TASK DATA section start

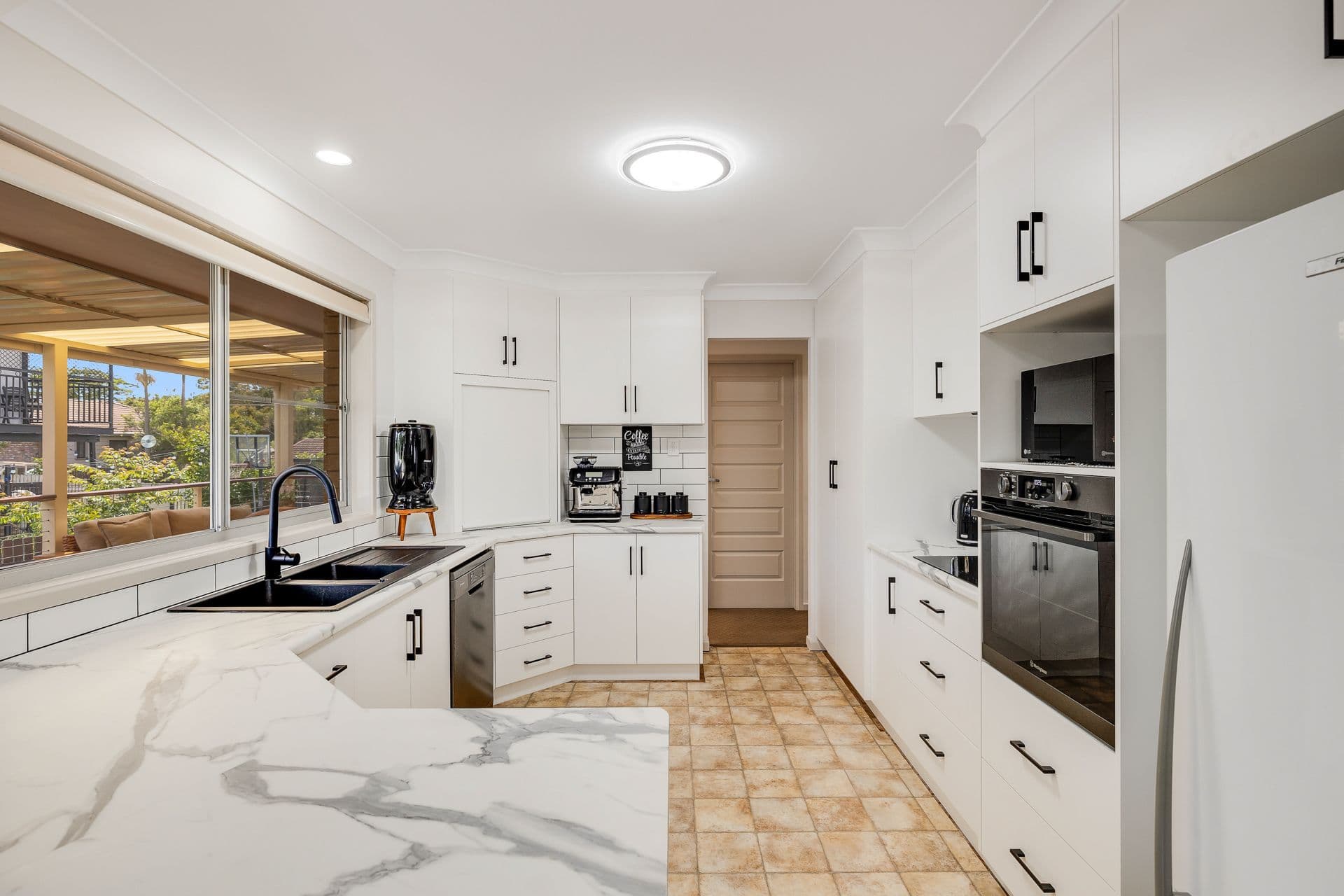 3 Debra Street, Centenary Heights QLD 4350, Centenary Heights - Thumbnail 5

TASK DATA section end
TASK DATA section start

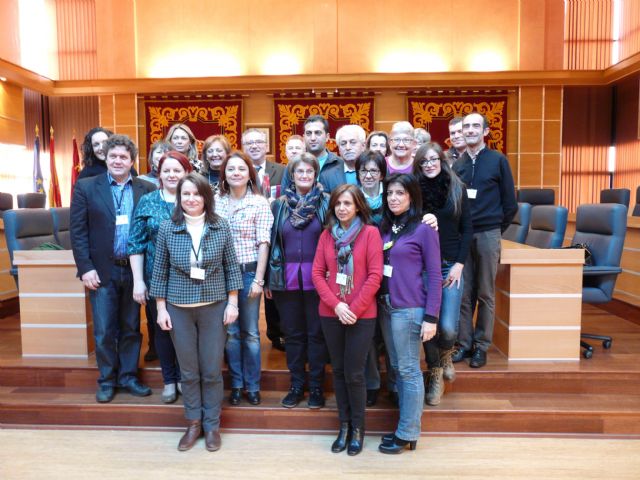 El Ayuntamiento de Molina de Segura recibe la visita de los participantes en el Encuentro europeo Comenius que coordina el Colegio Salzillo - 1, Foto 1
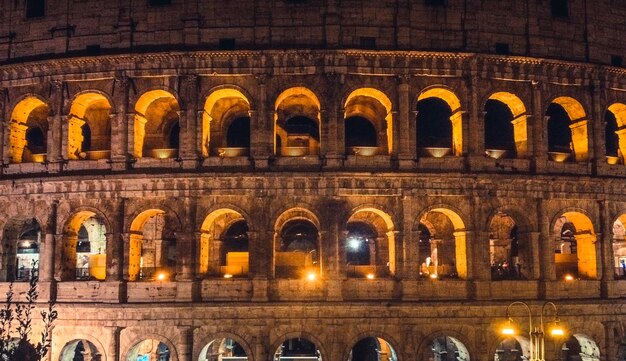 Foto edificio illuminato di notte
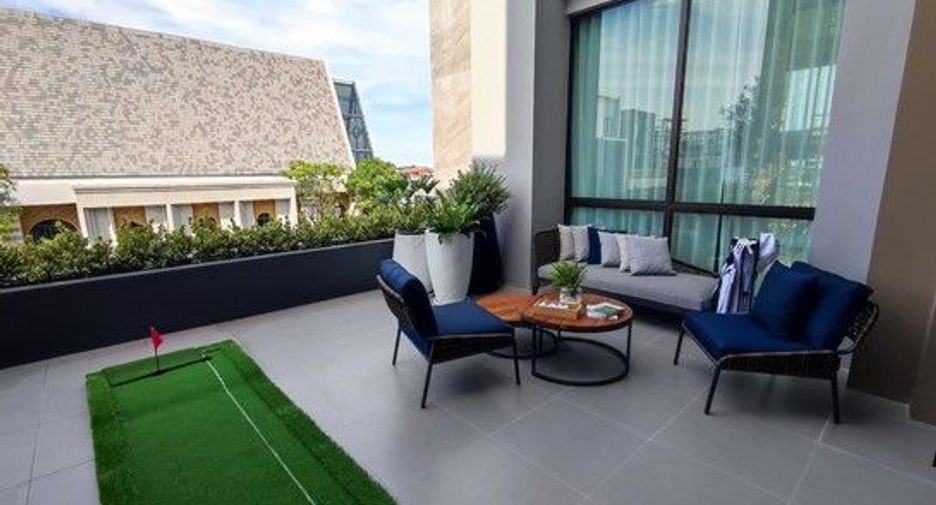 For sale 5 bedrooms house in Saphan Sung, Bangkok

TASK DATA section end

### WHAT IS EXPECTED:
Among the entries above, find the line with "El Ayuntamiento de" and repeat exactly from there through the line with "For sale 5 bedrooms", leaving out the pictures.

### SOLUTION TO THE PROBLEM:
 El Ayuntamiento de Molina de Segura recibe la visita de los participantes en el Encuentro europeo Comenius que coordina el Colegio Salzillo - 1, Foto 1
 Foto edificio illuminato di notte
 For sale 5 bedrooms house in Saphan Sung, Bangkok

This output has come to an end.